In summary, most of the presented algorithms still face problems in that they cannot accurately identify noise and cannot effectively perform clustering with large amounts of uniform density data. To solve these problems, this study proposes an efficient vessel sailing route clustering and analysis method based on AIS data using traffic density images.

3. Research Methodology

In this section, the general framework of our method is introduced, and detailed descriptions of the key parts of our approach are presented.

The main sea route is defined as the stationary region where more ships sail. The general idea of the proposed traffic density image-based clustering method (TDIBC) is that the main sea routes should have a larger traffic flow density, which can be described using an image. The TDIBC process is shown in Figure 1. AIS data preprocessing consists mainly of data cleaning and interpolation. The traffic density image is constructed to transform the clustering problem of the AIS trajectories into an image processing problem, which can be effectively solved using computer vision methods. The main sea routes are clustered to determine the main sailing patterns in regions of interest. Finally, we can use these sailing patterns to identify sailing trajectories.

3.1. AIS Data Preprocessing

The AIS data are a typical type of big geodata. Influenced by equipment quality and protocol standards, AIS data have the following characteristics: different reporting frequencies and poor data quality. In general, the AIS data received in engineering practice are incomplete or inaccurate [35], and over 5% of the received AIS data are incorrect [36]. These abnormal AIS data are not conducive to the identification and supervision of a ship’s navigation intention and greatly reduce the application value of AIS data. It is necessary to perform AIS data preprocessing and remove abnormal data before analyzing the AIS data.

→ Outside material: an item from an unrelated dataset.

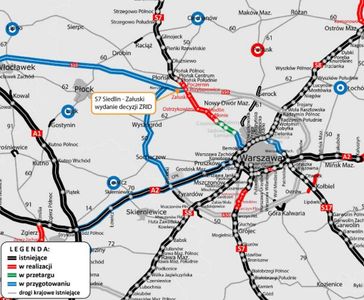 Trwa budowa ostatniego odcinka drogi ekspresowej S7 pomiędzy Płońskiem a Czosnowem [FILM]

We first convert the geographic coordinate system into Mercator projection using Equation (1) as follows [37]:

{\begin{cases} r_{0} = \frac{a \times \cos (l a_{0})}{\sqrt{1 - (e_{1}^{2} \times \sin^{2} (l a_{0}))}} \\ q = \ln (\tan (\frac{π}{4} + \frac{l a}{2}) \times {(\frac{1 - e_{1} \times \sin (l a_{0})}{1 + e_{1} \times \sin (l a_{0})})}^{\frac{e_{1}}{2}}) \\ x = r_{0} \times l o \\ y = r_{0} \times q \end{cases}

(1)

Here,

(l o, l a)

represents the longitude and latitude coordinates of the original AIS point,

(x, y)

is the coordinate after conversion into the Mercator projection,

r_{0}

represents the radius of the parallel circles of standard latitude,

l a_{0}

represents the standard latitude in the Mercator projection,

a

denotes the equatorial radius of the earth ellipsoid, and

e_{1}

is the first eccentricity of the earth ellipsoid.

After the Mercator projection, we cleaned the AIS data according to the maritime mobile service identity (MMSI) code, the vessel’s sailing course, and the vessel’s sailing speed, referring to the methods provided in [38].

To construct the traffic density image, we used the k-means method to cluster the AIS data with low velocity to reduce the influence of docked ships. We also performed linear interpolation of the AIS data to obtain spatially dense data between two adjacent AIS reporting points, and the interpolation interval was chosen as 0.5 times the grid side length to provide continuous trajectories in the traffic density image. Here, the proposed method only removes redundant points that may lead to abnormal density; however, a more precise analysis can be found in [39,40].

3.2. Construct Traffic Density Image

The traffic density image was constructed by counting the AIS points in each grid, and the pixel value was the number of AIS points. Traffic density is relatively stable and is widely used in trade analysis and ship flows [41]. For a certain region, the constructed traffic density image exhibits the following linear characteristics, as shown in Figure 2:

I m g (T) = \sum_{i} I m g (t_{i}), T = \sum_{i} t_{i}

(2)

where

I m g (t)

is the traffic density image of time period

t

.

Using Equation (2), traffic density images of different time periods can be directly added to obtain the traffic density image of the total period with a fixed dimension, which can effectively solve the curse of dimensionality. The construction process of the traffic density image is shown in Figure 2. In this study, a pixel of the traffic density image represented a 100 m × 100 m region (approximately 0.001° longitude and latitude). Note that the padding data are used to construct a traffic density image; for example, when we want to analyze a region of 28° N~29° N and 89° W~90° W, we need to construct a traffic density image with data of (28 − ∆)° N~(28 + ∆)° N and (89 − ∆)° W~(90 + ∆)° W, and the dimension of padding data depends on the variance of Gaussian filter.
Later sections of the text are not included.